* [Exercise directions] Under this line is a listing; return exactly the lines starting at the one with "Bari Night Walking" and running down to the one with "Clove nursing sneakers", and leave out its pictures.
Data supplied Block Start
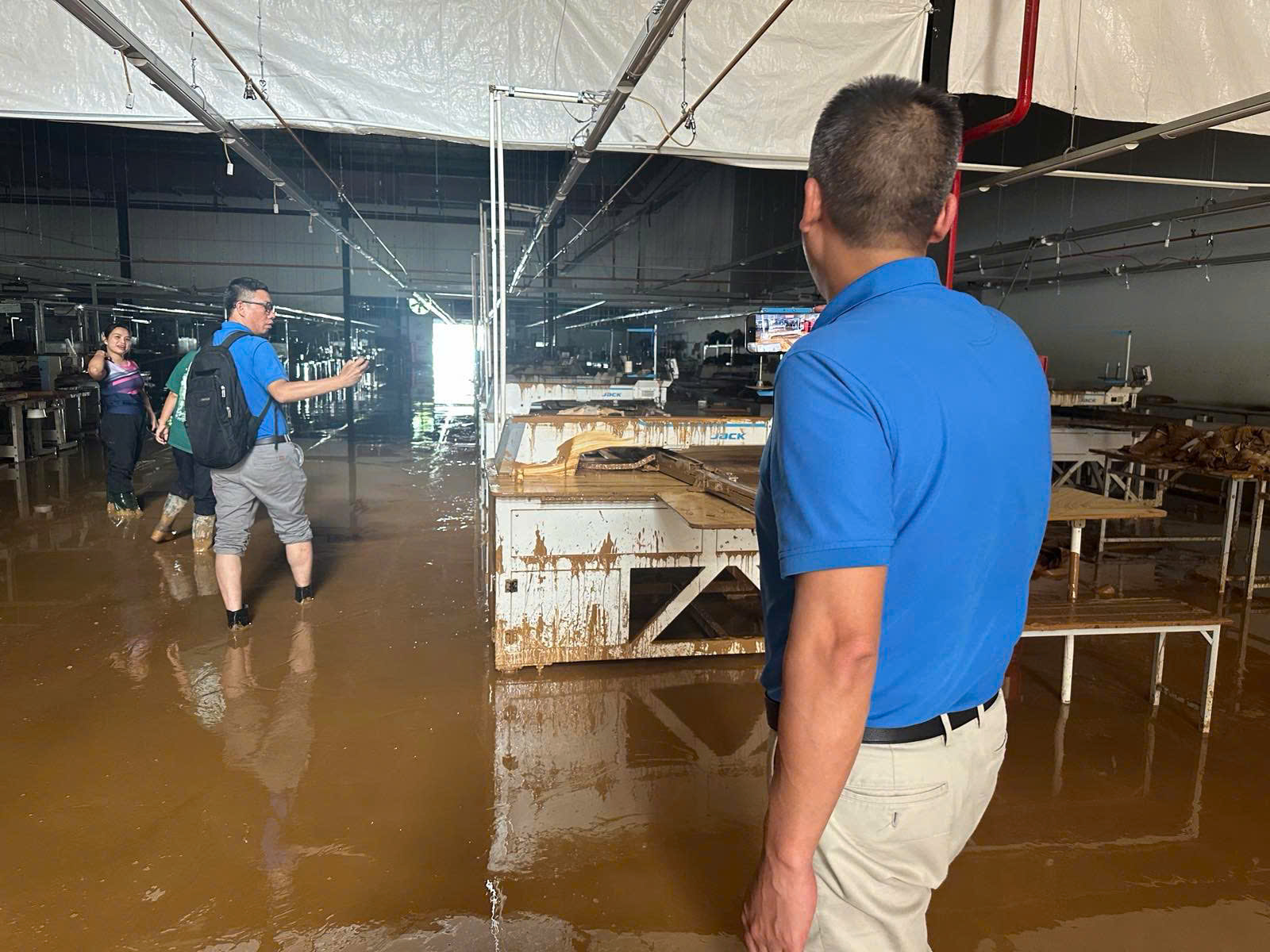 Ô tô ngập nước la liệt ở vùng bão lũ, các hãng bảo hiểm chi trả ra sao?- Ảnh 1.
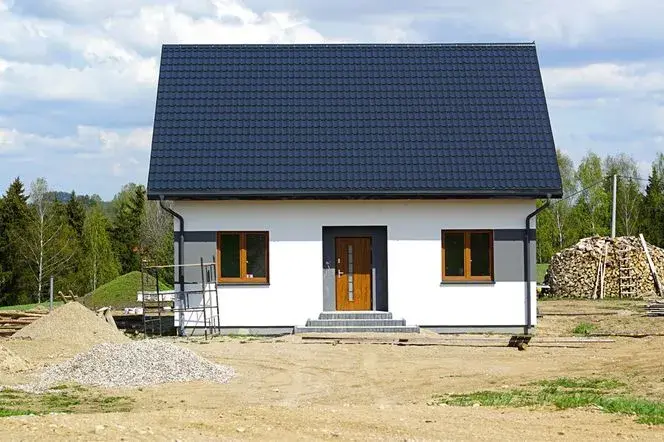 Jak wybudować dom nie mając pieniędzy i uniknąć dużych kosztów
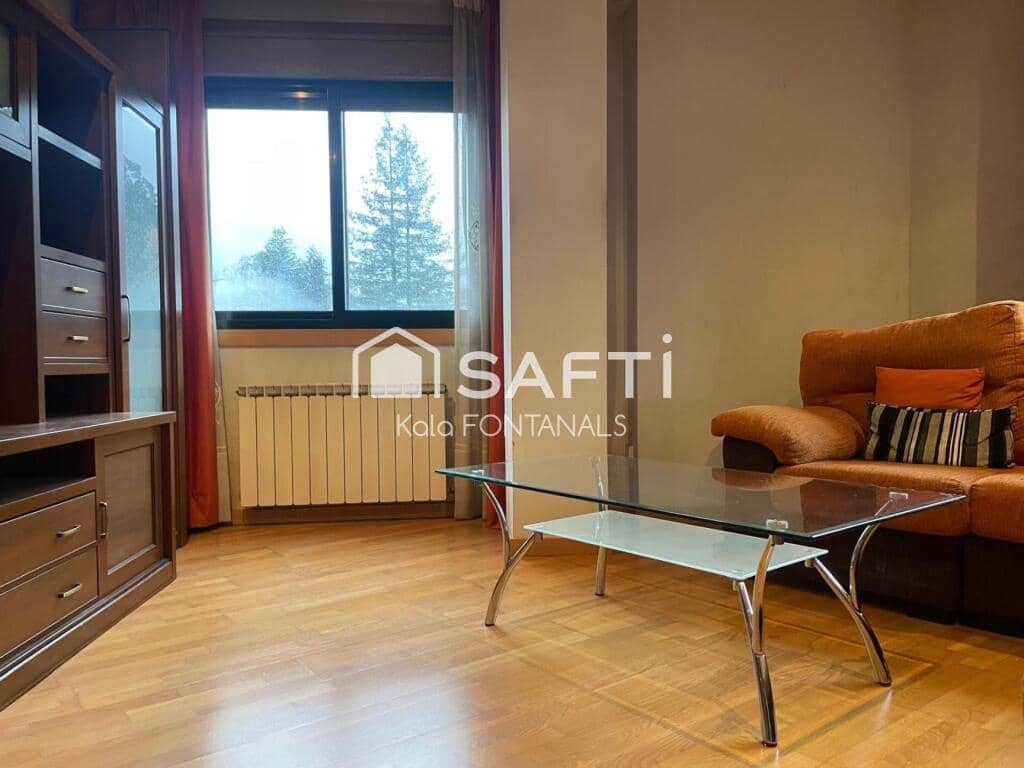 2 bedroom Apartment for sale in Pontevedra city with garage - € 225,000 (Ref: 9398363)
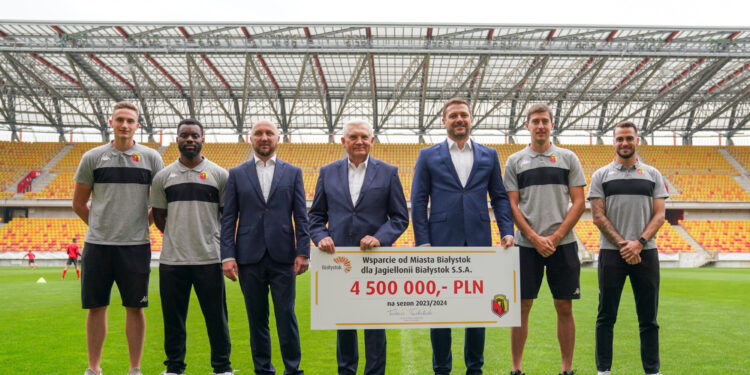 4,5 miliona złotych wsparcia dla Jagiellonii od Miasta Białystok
Data supplied Block End
Data supplied Block Start
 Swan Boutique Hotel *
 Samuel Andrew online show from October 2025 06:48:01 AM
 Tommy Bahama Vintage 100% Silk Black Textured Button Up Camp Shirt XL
Data supplied Block End
Data supplied Block Start
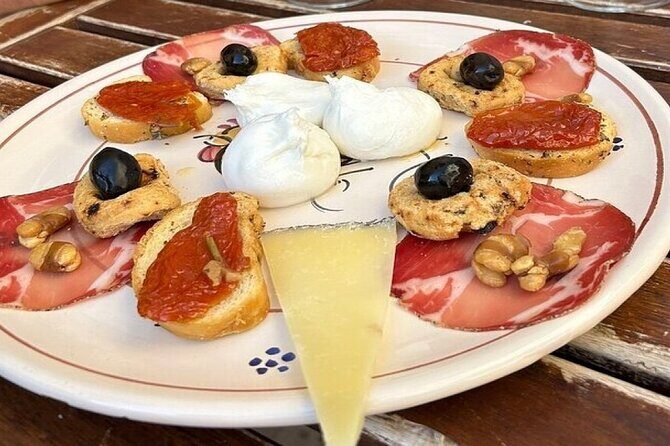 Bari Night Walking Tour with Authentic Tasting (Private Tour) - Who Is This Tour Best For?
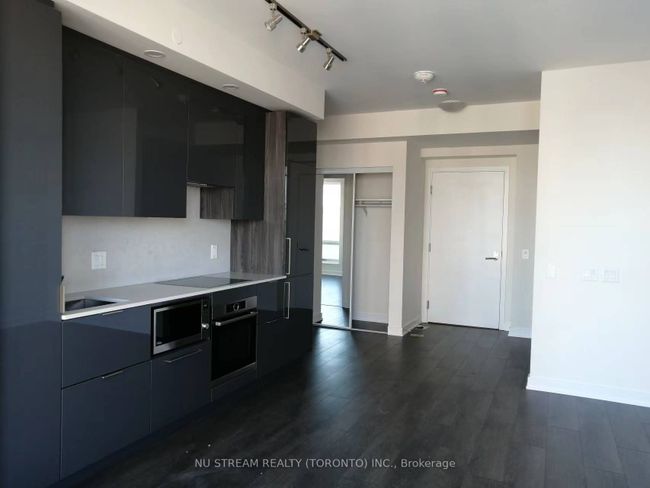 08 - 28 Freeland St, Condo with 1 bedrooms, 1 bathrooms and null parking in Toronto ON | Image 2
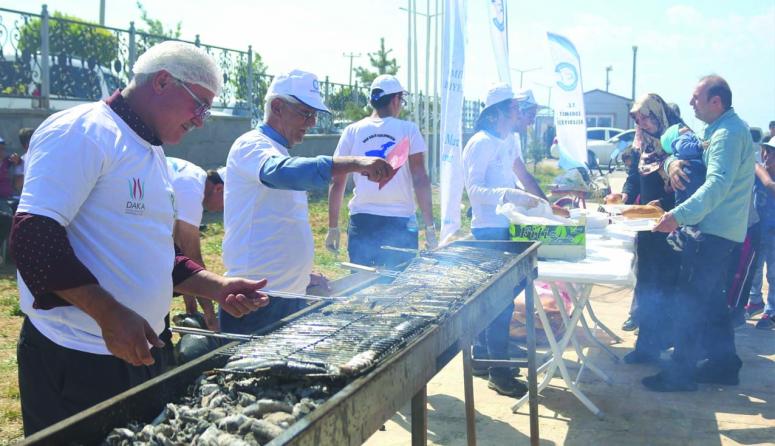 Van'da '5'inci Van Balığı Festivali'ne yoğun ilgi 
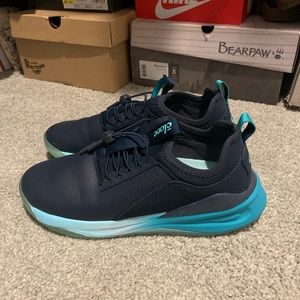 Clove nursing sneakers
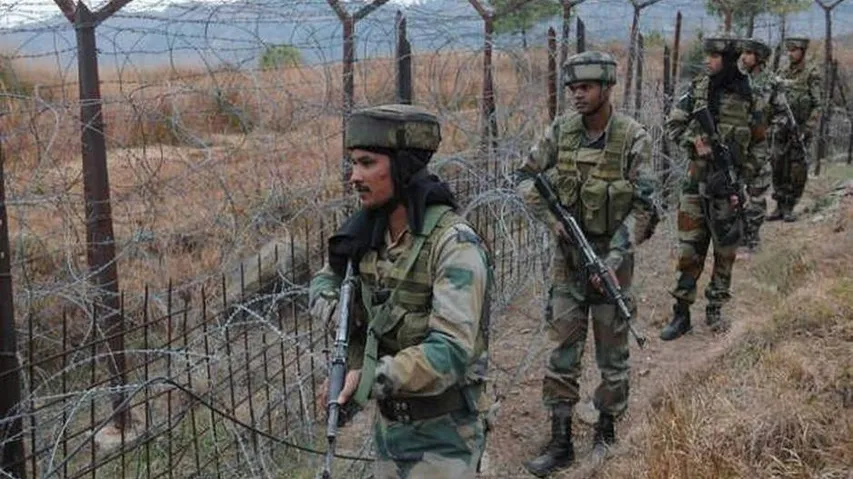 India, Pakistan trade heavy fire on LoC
Data supplied Block End
* [Result of the task]
 Bari Night Walking Tour with Authentic Tasting (Private Tour) - Who Is This Tour Best For?
 08 - 28 Freeland St, Condo with 1 bedrooms, 1 bathrooms and null parking in Toronto ON | Image 2
 Van'da '5'inci Van Balığı Festivali'ne yoğun ilgi 
 Clove nursing sneakers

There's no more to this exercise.